Override-matrix PR CI passes on this branch
Reset workflows.override to empty
Full PR CI passes after override reset

Two unrelated regressions surfaced together in the 2026-05-12 nightly run on `main`. Both block all GCC builds on older CTKs (12.0, 12.X) for libcu++, and all GCC 8 CUB builds. libcu++: bit_cast<__float128> The memcpy fallback path in `__bit_cast_memcpy` is reached on GCC 8/9/10 because those host compilers don't provide `__builtin_bit_cast`. Commit 8b28e1d (NVIDIA#8265) replaced the previous `is_trivially_default_constructible_v` trait with the C++20-style `default_initializable` concept; the concept's emulation evaluates false for `__float128` in C++17 mode, even though the built-in scalar is in fact default-initializable. Restore an equivalent type trait (`is_default_constructible_v`), which queries the compiler builtin directly and works on every supported GCC. The GCC<=7 gate around the static_assert is no longer needed and is removed. CUB: DeviceReduce reduction_op Commit b60f063 (NVIDIA#8851) merged the three determinism overloads of `reduce_impl` into a single `if constexpr` template. The `__gpu_to_gpu` branch dispatches to RFA, which hardcodes `deterministic_sum_t<accum_t>` internally and does not accept a reduction operator. GCC 8's `-Werror=unused-but-set-parameter` flags `reduction_op` because that branch never references it. The parameter must remain in the signature (the other two branches use it), so the invariant -- enforced upstream by `__transform_reduce`'s `float_double_plus` check -- is acknowledged with `(void) reduction_op` plus a one-line note inside the branch. [skip-vdc][skip-docs][skip-tpt]

copy-pr-bot · 2026-05-12T14:32:44Z

Auto-sync is disabled for draft pull requests in this repository. Workflows must be run manually.

Contributors can view more details about this message here.

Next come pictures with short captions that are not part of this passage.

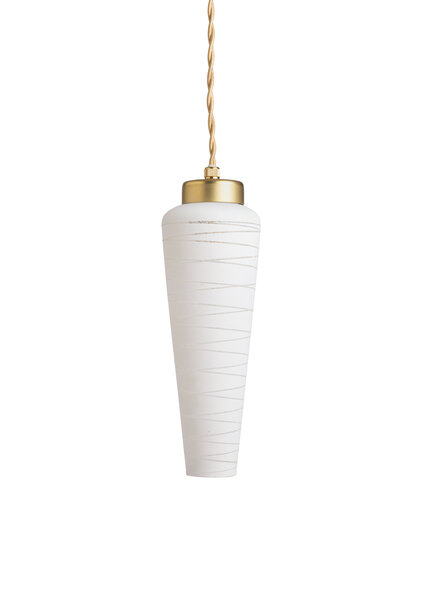 White Hanging Lamp with Spiral in Glass, 1950s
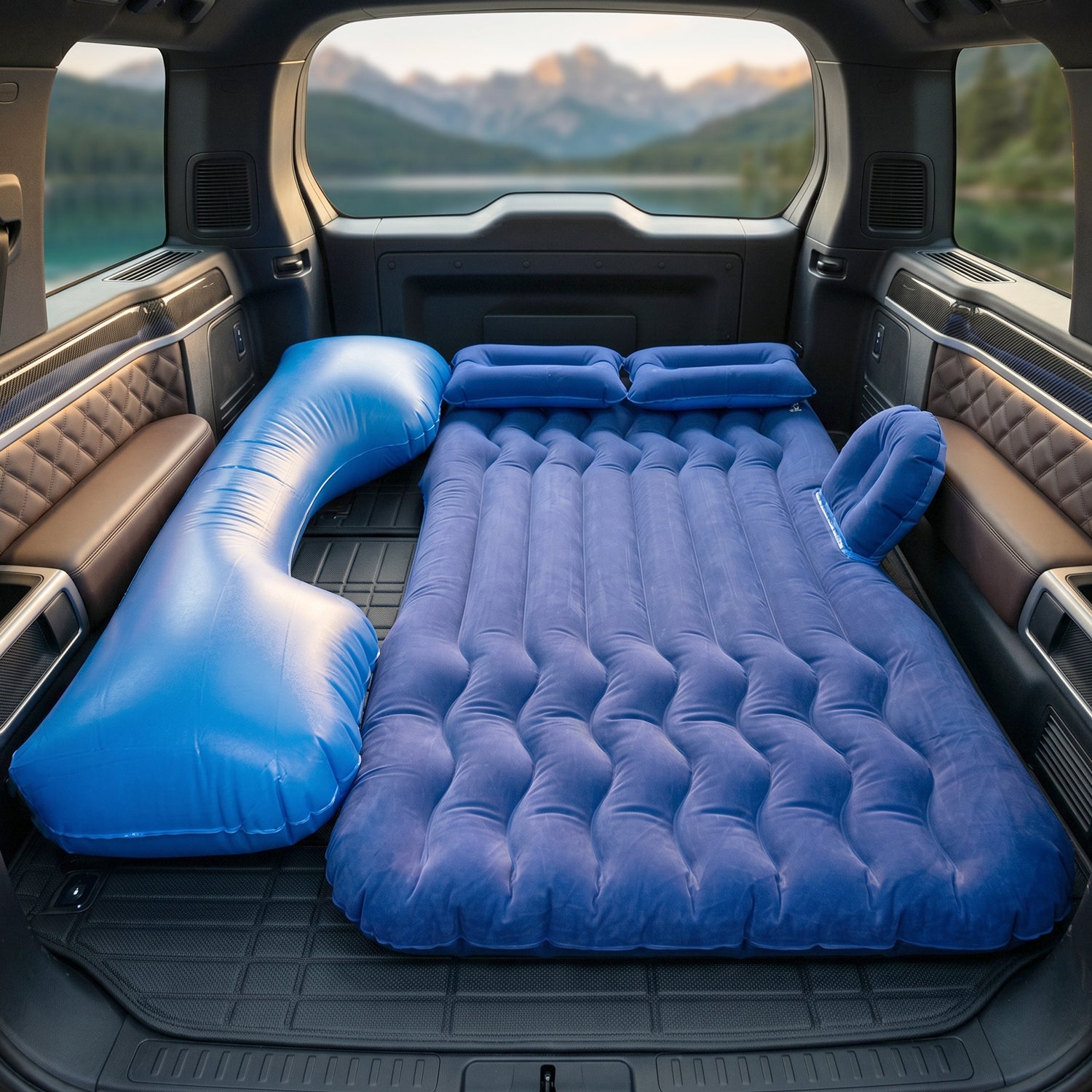Portable Car Air Mattress Bed Set With Pump  Pillows Inflatable (Dark Blue)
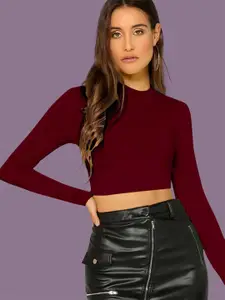 Dream Beauty Fashion Women Long Sleeves Fitted Crop Top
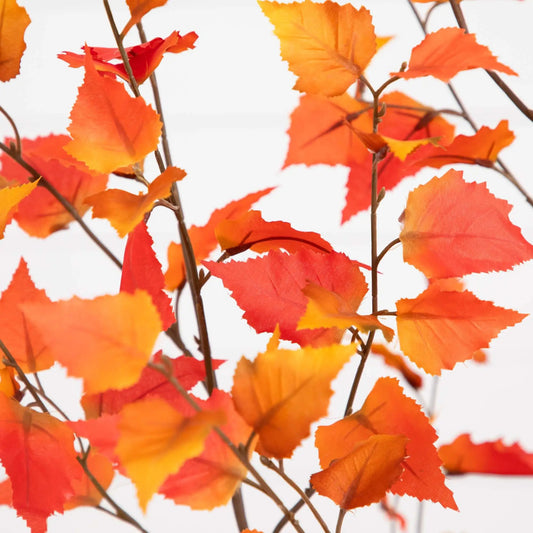 Autumn Birch Artificial Fall Tree with orange-red leaves by Nearly Natural on Tampa Home & Garden Store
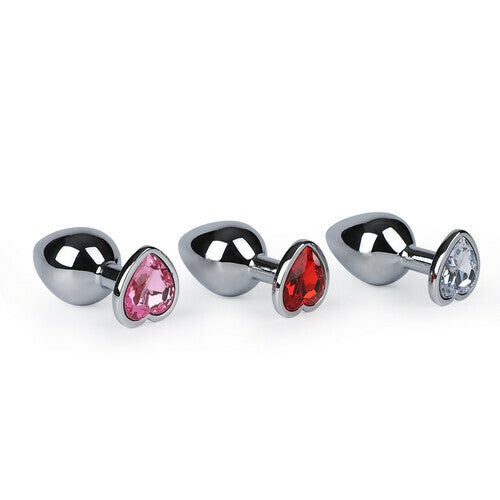 White Princess Heart Gem Single Metal Butt Plug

alliepiper · 2026-05-12T14:33:03Z

/ok to test 317bcf5

fbusato

I would prefer #if !_CCCL_COMPILER(GCC, <=, 8). cuda::std::default_initializable is more precise than is_default_constructible

`${#ARRAY}` is syntactic sugar for `${#ARRAY[0]}` -- the length of element 0. Under `set -u`, when an array is empty (no `--ctest-targets`, `--lit-tests`, etc. on the command line), this errors with "unbound variable" before the guard can short-circuit. Use `${#ARRAY[@]}` (total element count), which is defined as 0 on an empty array.

GCC 8 infers noexcept on the generator constructor more permissively than GCC 9+, so `static_assert(!noexcept(Mask(is_even{})))` fires. Widen the existing GCC 7 skip to also cover GCC 8.

…luated is faked On GCC 8 there is no __builtin_is_constant_evaluated, so cuda::std::is_constant_evaluated() always returns false. That makes `if (!is_constant_evaluated())` look statically true, so the compiler takes the runtime branch even in a constant expression and trips over the pointer compare, which is not allowed there. Only enable the runtime branch on compilers that actually provide the builtin; everyone else falls through to the constexpr-safe path.

alliepiper · 2026-05-12T22:20:14Z

/ok to test d69de21

miscco · 2026-05-13T07:05:32Z

/ok to test b40e516

Co-authored-by: Federico Busato <50413820+fbusato@users.noreply.github.com>

github-actions · 2026-05-14T18:51:38Z

😬 CI Workflow Results

🟥 Finished in 1h 29m: Pass: 15%/500 | Total: 3d 15h | Max: 1h 19m | Hits: 28%/131965

See results here.

github-project-automation Bot added this to CCCL May 12, 2026

github-project-automation Bot moved this to Todo in CCCL May 12, 2026

cccl-authenticator-app Bot moved this from Todo to In Progress in CCCL May 12, 2026

miscco approved these changes May 12, 2026

View reviewed changes

github-project-automation Bot moved this from In Progress to In Review in CCCL May 12, 2026

fbusato requested changes May 12, 2026

View reviewed changes

github-project-automation Bot moved this from In Review to In Progress in CCCL May 12, 2026

This comment has been minimized.

Sign in to view

alliepiper added 3 commits May 12, 2026 17:18

Skip simd::basic_mask generator-ctor noexcept assert on GCC 8

259413d

GCC 8 infers noexcept on the generator constructor more permissively than GCC 9+, so `static_assert(!noexcept(Mask(is_even{})))` fires. Widen the existing GCC 7 skip to also cover GCC 8.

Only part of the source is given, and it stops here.